───── RECORDED DATA

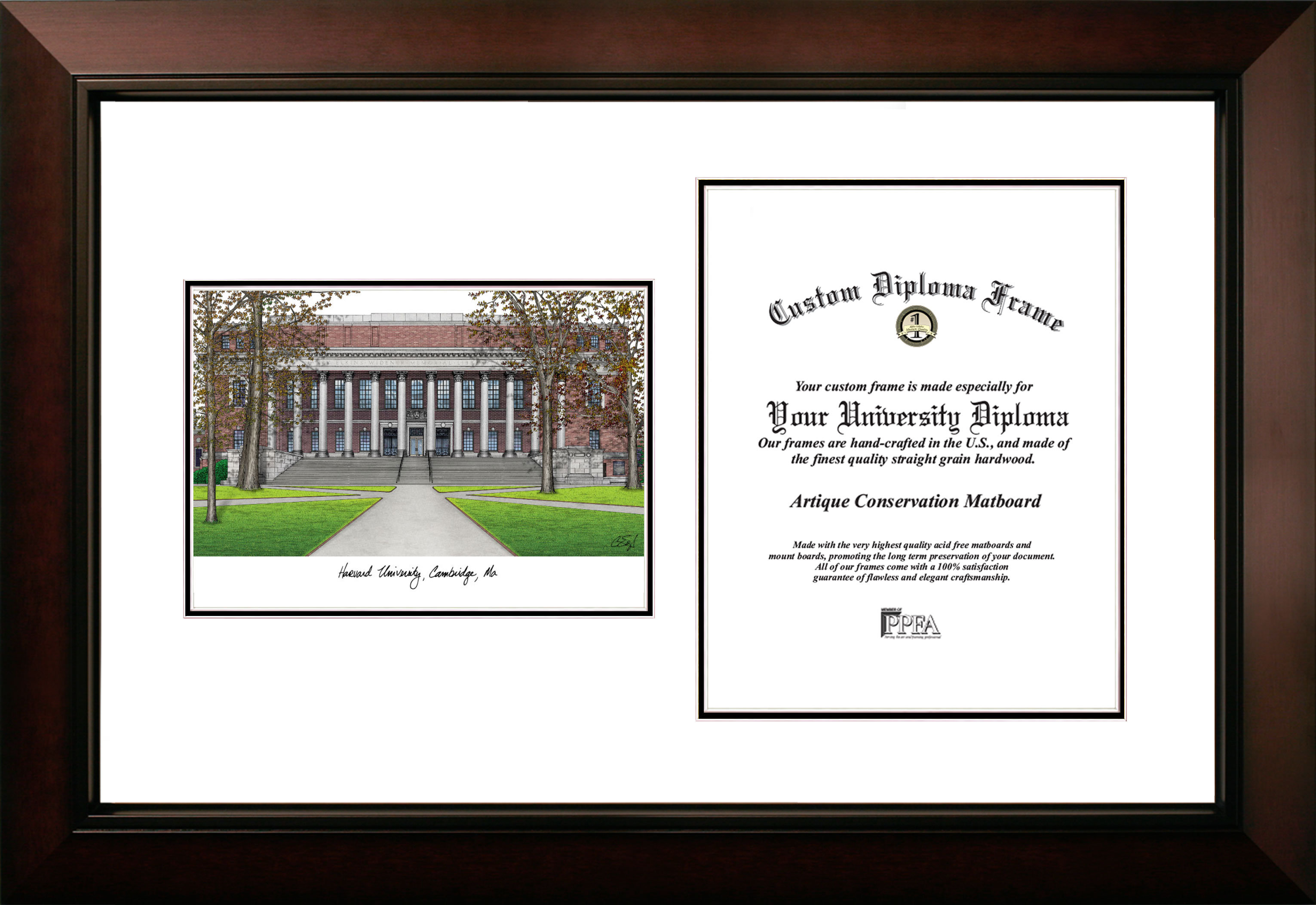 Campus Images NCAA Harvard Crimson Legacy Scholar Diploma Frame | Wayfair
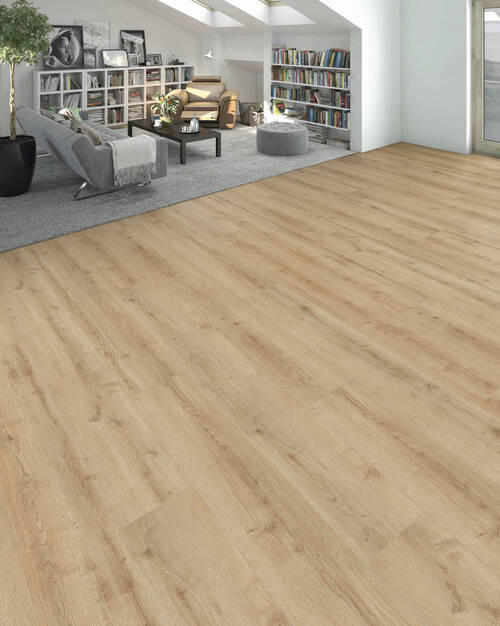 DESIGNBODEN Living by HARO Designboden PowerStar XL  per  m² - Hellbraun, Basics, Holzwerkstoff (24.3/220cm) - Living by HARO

──────────
───── RECORDED DATA

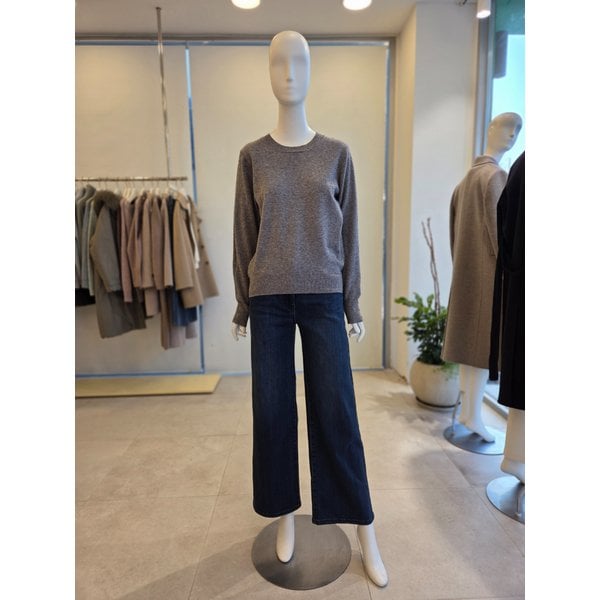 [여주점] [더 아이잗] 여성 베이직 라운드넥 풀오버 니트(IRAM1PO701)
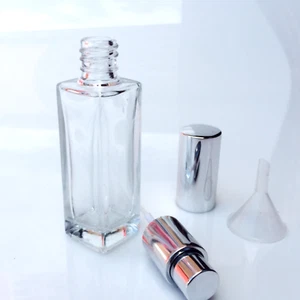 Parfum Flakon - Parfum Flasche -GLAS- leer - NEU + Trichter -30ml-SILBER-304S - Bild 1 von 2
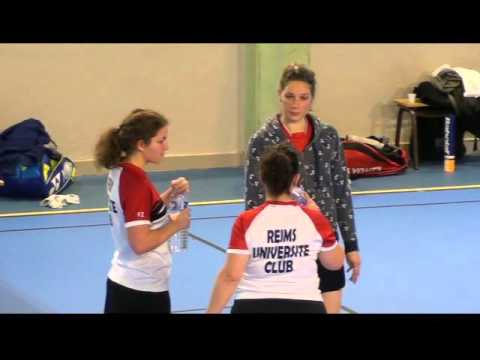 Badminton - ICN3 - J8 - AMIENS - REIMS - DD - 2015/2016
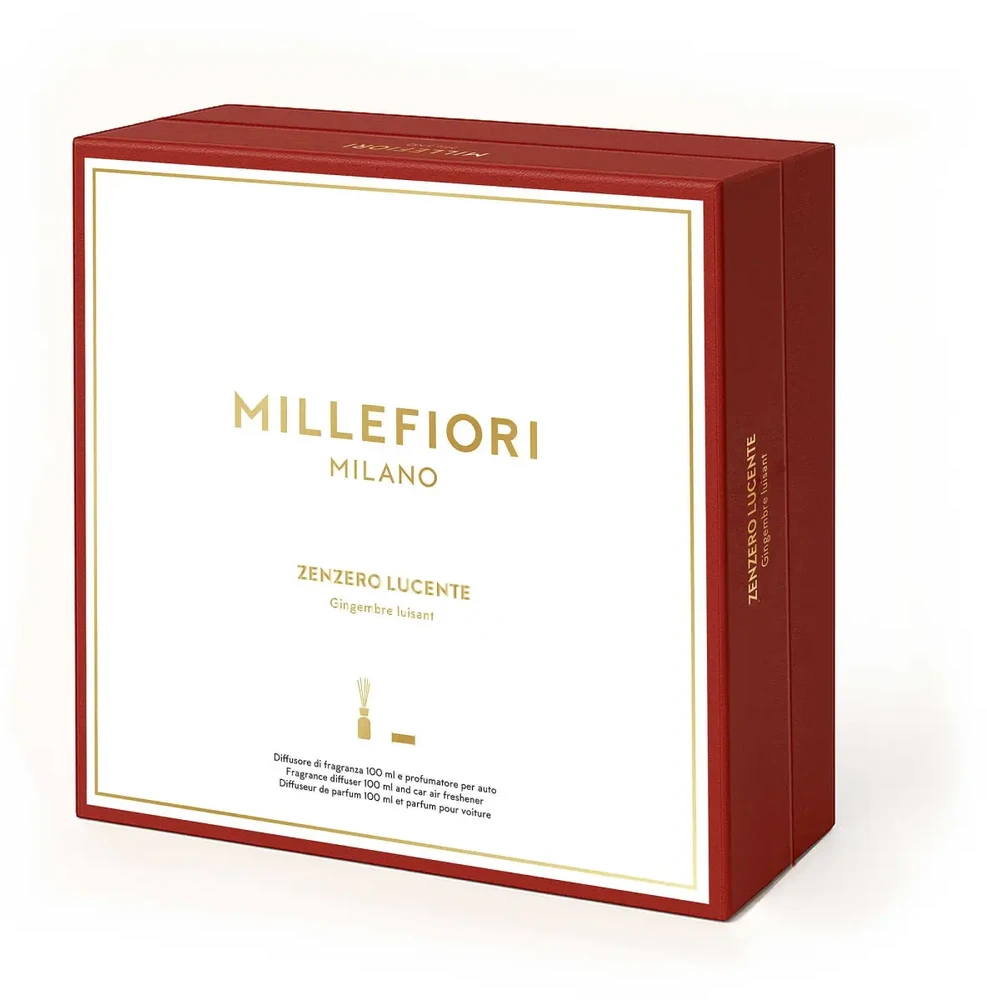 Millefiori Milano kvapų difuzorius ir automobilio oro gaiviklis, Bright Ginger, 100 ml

──────────

Nothing but the lines above from the one that has "Badminton - ICN3" down to the one that has "Millefiori Milano kvapų" belongs in the answer, copied exactly, without pictures.

**COMPLETED EXERCISE**
 Badminton - ICN3 - J8 - AMIENS - REIMS - DD - 2015/2016
 Millefiori Milano kvapų difuzorius ir automobilio oro gaiviklis, Bright Ginger, 100 ml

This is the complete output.